February 16, 2010
Titling this film was a struggle. The story follows two brothers as they try to navigate their complex relationship over the course of one afternoon, so naturally my first title was Brothers. It worked fine and stated something very simple about the story, so it stuck. But as I got into production and post-production, I realized I needed a new title.
.
Brothers isn’t very evocative and the word has various connotations, so it doesn’t give a potential audience member much information. Furthermore, anyone who searched for Brothers online would have to dig through dozens of results related to the Jake Gyllenhaal/Toby McGuire movie to find anything about my project, (a bit of IMDb research revealed that my film would be one of many, many films with this title).
.
So I set out to find a more evocative and unique title. My first strategy was just to think about it. I thought that if I concentrated enough, inspiration would strike. A week later I didn’t even have any good ideas, so I decided to take a more structured approach. I made lists of possible titles, asked my cast and crew for ideas, and I re-read the script looking for moments or lines of dialogue that could yield a new name. This gave me some decent options, but nothing that really seemed to fit.
.
Finally, I sat down to discuss title options with Reva Goldberg and Margaret Shafer, who run the Reach Film Fellowship. As we debated various ideas, for the first time I was forced to articulate what I wanted from the title. It couldn’t simply be unique and evocative, I realized, it also needed to reflect the simple, solid feel of this story about boys trying to become men. It couldn’t be too soft, (The Drawn Boy), or too plain (The Bat), nor too stylized or complex, (My Chair at the Table). The Hideaway had the proper solid feel, but Reva correctly pointed out that it has connotations that don’t fit the film, (“It makes me think of pirates,” is how she put it).
.
Ultimately, Reva suggested The Drawing and when she said it, I knew that was the title.

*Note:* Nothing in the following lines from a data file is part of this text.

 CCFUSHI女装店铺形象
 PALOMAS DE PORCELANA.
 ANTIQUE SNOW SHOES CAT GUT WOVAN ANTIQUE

It had the simple structure and solid feel that I wanted, and it evoked the boys’ process of growing up. You could say that the lesson here is to get other people to title your film, but that’s not quite it. In order to recognize The Drawing as the right choice, I had to have a clear idea of what I wanted from the title. Without that knowledge, I was stabbing in the dark both in terms of coming up with ideas and judging those suggested by other people. Only when I knew how I wanted the title to look, sound, and feel could I select it.